===== Records for the exercise =====
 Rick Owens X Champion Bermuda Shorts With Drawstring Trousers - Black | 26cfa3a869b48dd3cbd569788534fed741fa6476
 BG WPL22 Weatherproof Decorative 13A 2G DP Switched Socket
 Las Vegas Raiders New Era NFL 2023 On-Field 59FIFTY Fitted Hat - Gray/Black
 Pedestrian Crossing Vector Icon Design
=====
===== Records for the exercise =====
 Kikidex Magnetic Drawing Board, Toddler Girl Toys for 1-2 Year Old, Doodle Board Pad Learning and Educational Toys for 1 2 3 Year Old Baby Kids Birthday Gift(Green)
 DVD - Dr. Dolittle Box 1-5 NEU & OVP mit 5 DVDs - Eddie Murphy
=====
Work to complete:
Out of the material above, output word for word the line with "Rick Owens X", the line with "Pedestrian Crossing Vector Icon Design", and all lines between them, with nothing else.

Exercise output:
 Rick Owens X Champion Bermuda Shorts With Drawstring Trousers - Black | 26cfa3a869b48dd3cbd569788534fed741fa6476
 BG WPL22 Weatherproof Decorative 13A 2G DP Switched Socket
 Las Vegas Raiders New Era NFL 2023 On-Field 59FIFTY Fitted Hat - Gray/Black
 Pedestrian Crossing Vector Icon Design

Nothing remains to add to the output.